UVA - 12034 Race —递推
题目描述:
Disky and Sooma, two of the biggest mega minds of Bangladesh went to a far country. They ate, coded
and wandered around, even in their holidays. They passed several months in this way. But everything
has an end. A holy person, Munsiji came into their life. Munsiji took them to derby (horse racing).
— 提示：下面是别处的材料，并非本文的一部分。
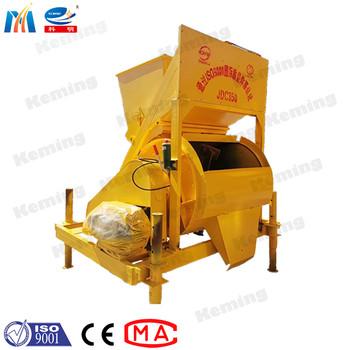 China Single Shaft Forced Grout Concrete Mixer JDC Type For Construction 80mm Te koop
Munsiji enjoyed the race, but as usual Disky and Sooma did their as usual task instead of passing some
romantic moments. They were thinking- in how many ways a race can finish! Who knows, maybe this
is their romance!
In a race there are n horses. You have to output the number of ways the race can finish. Note that,
more than one horse may get the same position. For example, 2 horses can finish in 3 ways.
1. Both first
2. horse1 first and horse2 second
3. horse2 first and horse1 second
Input
Input starts with an integer T (≤ 1000), denoting the number of test cases. Each case starts with a
line containing an integer n (1 ≤ n ≤ 1000).
Output
For each case, print the case number and the number of ways the race can finish. The result can be
very large, print the result modulo 10056.
Sample Input
3
1
2
3
Sample Output
Case 1: 1
Case 2: 3
Case 3: 13
题目大意:n匹马进行赛跑,每匹马都是不一样的,求赛跑结果数。
思路:多一匹马,可能多一种比赛名次,也可能不变。
设F(i,j)表示有i匹马是有j种名次的结果数,所以:
F(i+1,j)=F(i,j-1)*j+F(i,j)*j)*j;
#include <iostream>
#include <cstdio>
#include <algorithm>
#include <cmath>
using namespace std;
int t,n;
long long a[1010][1010];
int ans[1010];
int main(){
a[1][1] = 1;
a[2][1] = 1;
a[2][2] = 2;
ans[1] = 1;
ans[2] = 3;
for(int i = 3 ; i < 1010 ; ++i){
long long sum = 0;
for(int j = 1 ; j <= i ; ++j){
a[i][j] = (a[i-1][j-1] + a[i-1][j])%10056 *j % 10056;
sum = (sum + a[i][j]) % 10056;
}
ans[i] = sum;
}
scanf("%d",&t);
for(int w = 1 ; w <= t ; ++w){
scanf("%d",&n);
printf("Case %d: %d\n",w,ans[n]);
}
return 0;
}